Yes, I am still totally obsessed with crochet! After finalizing the winter portion of my 2016 blanket, I decided to try a few smaller projects. The goal was to try out some new stitches, and to see if I could make something a bit more practical than a couple square coasters.
My first project was a Ravenclaw scarf for Jenna as part of a book swap. I expected the scarf, which was six feet of sand stitch, to take a long time to make, but this ended up being a super fast project, taking less than a week to finish. The sand stitch turned out to be both easy and beautiful! One thing I discovered, though: this was not my favorite kind of yarn. It was rougher than I think a scarf should be, and despite my two skeins of blue yarn being from the same lot, there was a slight color difference between the two. One half of the scarf looks a bit lighter than the other, grr. Jenna told me she loves the scarf, and I’m glad, but there’s part of me – the perfectionist part – that wishes I could have made it just slightly better for her!! Still, it was pretty, it was fun, and I enjoyed making it for her.
Next up, I decided to try my first attempt at using an actual pattern. With my blanket and the scarf, I designed my own, and it was all just straight lines, no increasing or decreasing or fancy stuff. I have two books of crochet that Jason and my friend Stephanie gave me over Christmas, and I chose the above hat to work on next. I found a softer, smaller yarn, one that would be lighter (for Texas winters), and got to work. And while the beanie was a bit more complicated – especially that edging – it turned out so well! I actually wore this to Library Palooza, and will definitely be wearing it next time it gets cool enough out again (it’s currently in the 80s).
These projects made me even more excited about the possibilities of what I could do, so I tried a slightly more difficult project, which used a few techniques and stitches I hadn’t yet attempted. My stepmom’s birthday was coming up, and I wanted to make her a water bottle holder for when she’s on long walks or hikes. Additionally, I wanted it to be big enough to serve as a gift wrap for a nice bottle of red wine, which both she and my dad enjoy. My yarn choices were limited, and I wanted a color she loved, so I ended up with a very soft baby yarn that, admittedly, was super difficult to use. The result was nice, though, and she loved it, too!

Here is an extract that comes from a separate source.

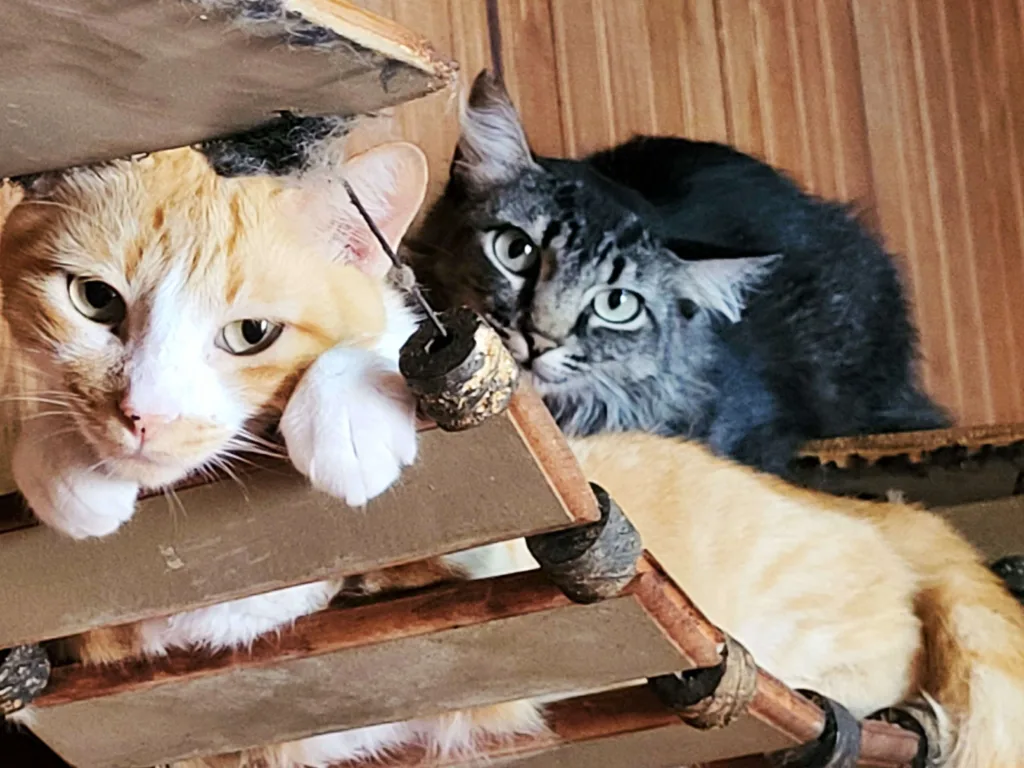 Abandono de gatos no CDHU cria riscos e sobrecarrega cuidadora em Marília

And, I’ll admit, I loved the project so much that I went on to make two others, using a different (easier) yarn choice. The smaller one is for my mother at Mother’s Day (good thing she never gets online!), for the ever-present water bottle she carries with her, and the larger is for me for long hikes. To give an idea of how different the yarns were to use, what took two days in purple took less than two hours in each of the others…
After that, I decided to learn some more advanced, raised stitches. I had so much more bronze-gold yarn from the Ravenclaw scarf, and this was only meant to be a practice, so I decided to make a posted-stitch hat with it (which, heh, still didn’t use up the yarn). I didn’t expect anyone to actually use this hat, but when I was done, Laurence fell absolutely in love with it. Sure, kid, it’s yours!
I’m off to a longer-term project now, which will likely take a few weeks, probably ending just in time to start the spring section of my 2016 blanket. In the meantime, I’ve learned a few things about crochet:
- Type and quality of yarn is super important.
- Some of those fancy, pretty stitches are deceptively easy in practice.
- Crochet is so much more versatile than I expected, and takes far less time than I thought.
- I hate starting projects with that “magic circle” thing.
- It’s okay to modify a pattern to fit your needs.
- If you crochet too long too often, you start getting sore along your shoulder and back, not to mention hands and wrists!
- Audiobooks are the perfect accompaniment to crochet projects.
Til next time!
**All patterns, except for the scarf, from One Skein Wonders (adapted where necessary).